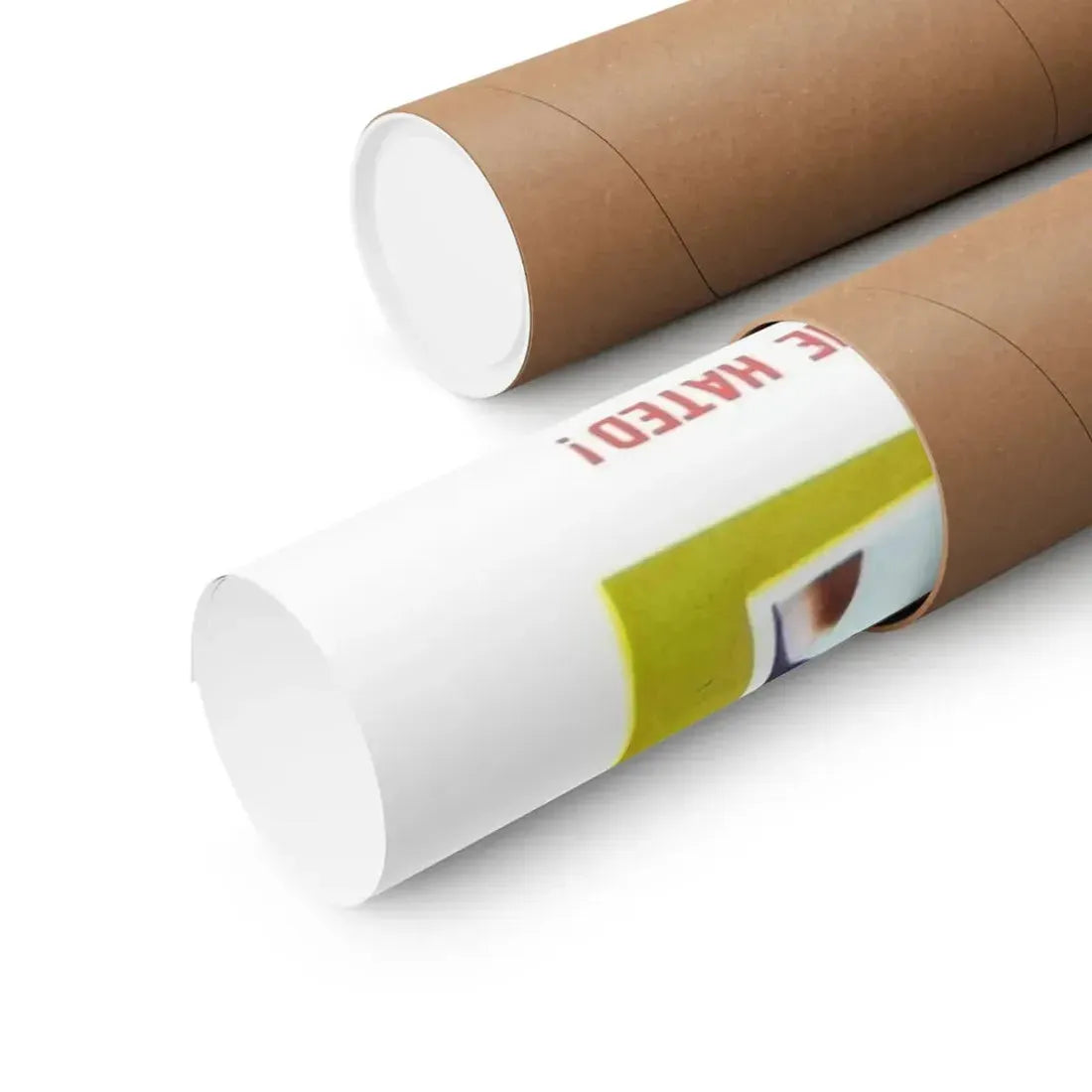 THE FLESH IS WEAK & BLONDE IN BONDAGE 1957 - Paper Movie Poster - The Sticker Space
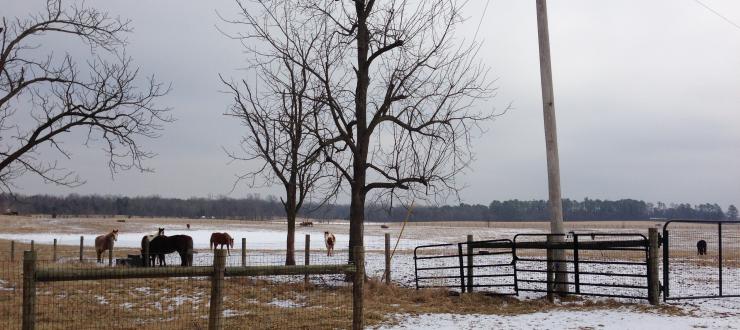 Horses on Pasture at WKU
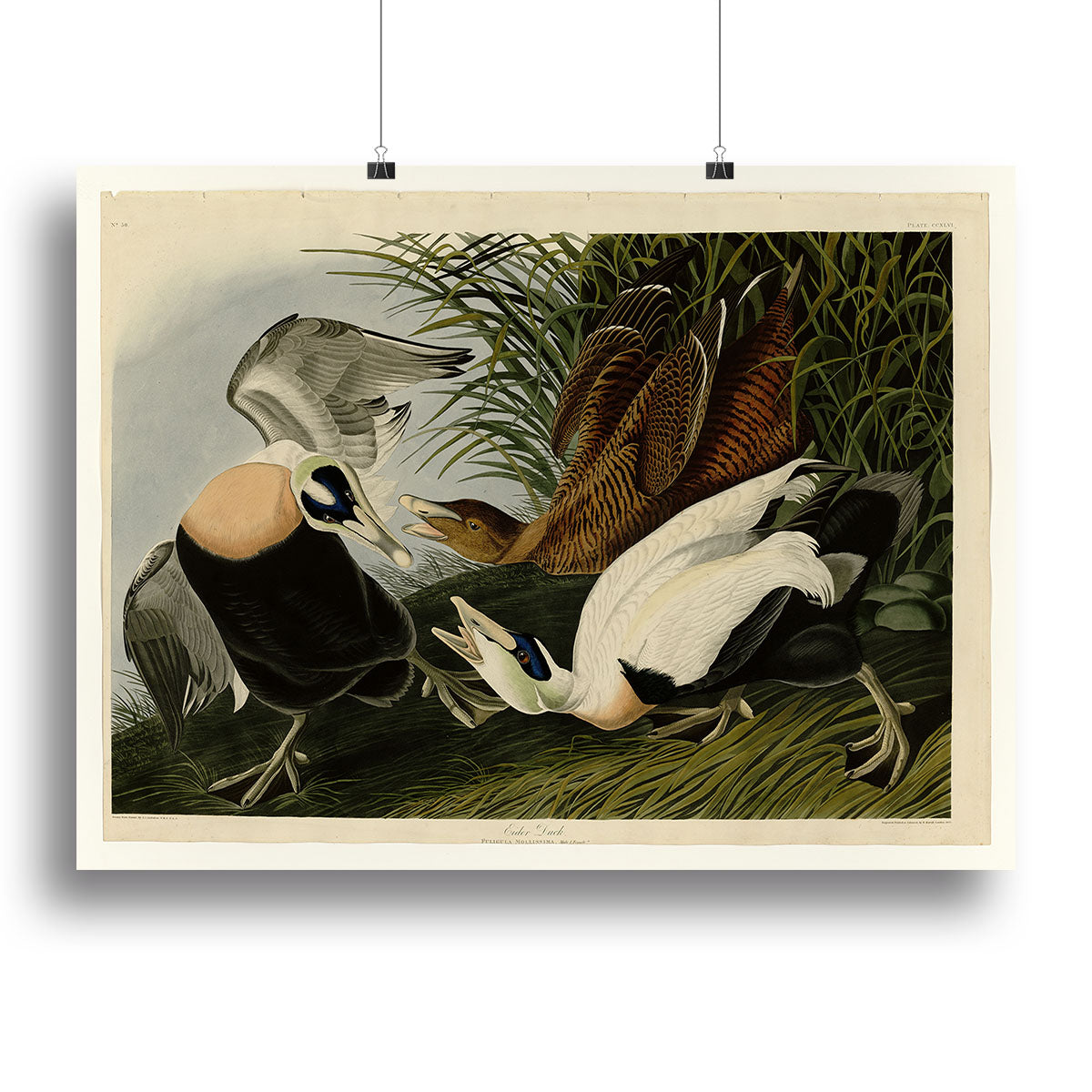 Eider Duck by Audubon Canvas Print or Poster - Canvas Art Rocks - 2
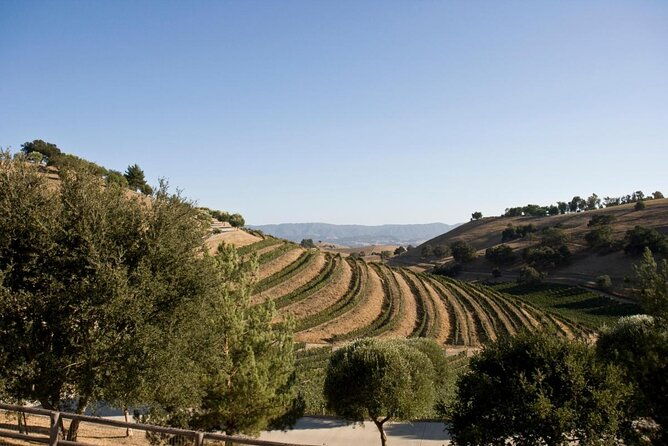 Santa Ynez Cupcake & Wine Tour (All-Inclusive) - Key Points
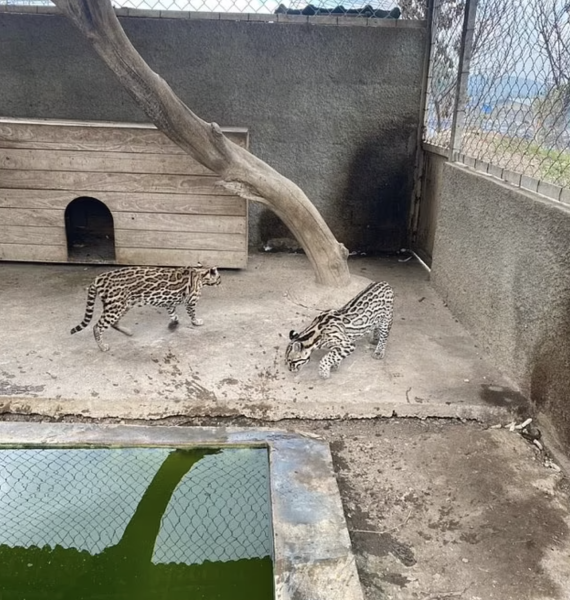 A look inside Tocor&oacute;n, Venezuela&rsquo;s gang-run prison that mined bitcoin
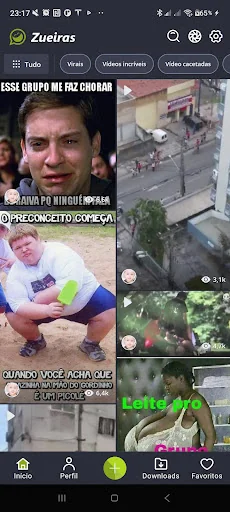 Zueiras - Imagem, Vídeo e Gif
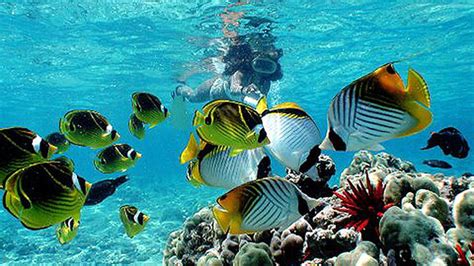 Guide To Snorkeling In Hawaii Spots Tours And Rentals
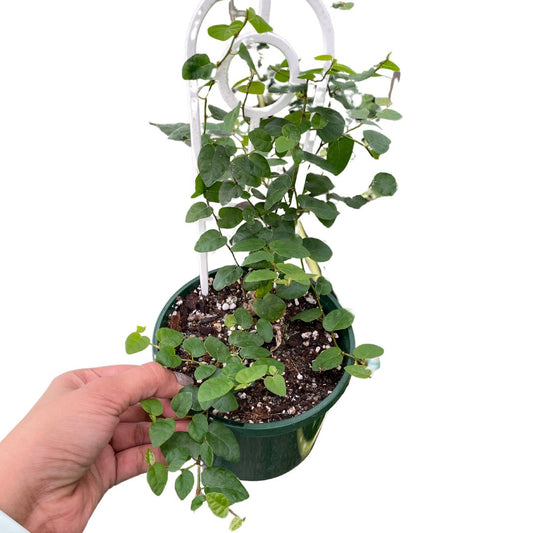 Ficus Pumila - Wera Plants
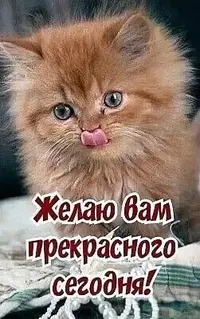 IMG_3834.webp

------------------------------------------------------------------------

→ **TASK BRIEF**:
Give back exactly the lines from the one containing "Santa Ynez Cupcake" through the last line above, both included, and none of the pictures.

→ **WRITTEN ANSWER**:
 Santa Ynez Cupcake & Wine Tour (All-Inclusive) - Key Points
 A look inside Tocor&oacute;n, Venezuela&rsquo;s gang-run prison that mined bitcoin
 Zueiras - Imagem, Vídeo e Gif
 Guide To Snorkeling In Hawaii Spots Tours And Rentals
 Ficus Pumila - Wera Plants
 IMG_3834.webp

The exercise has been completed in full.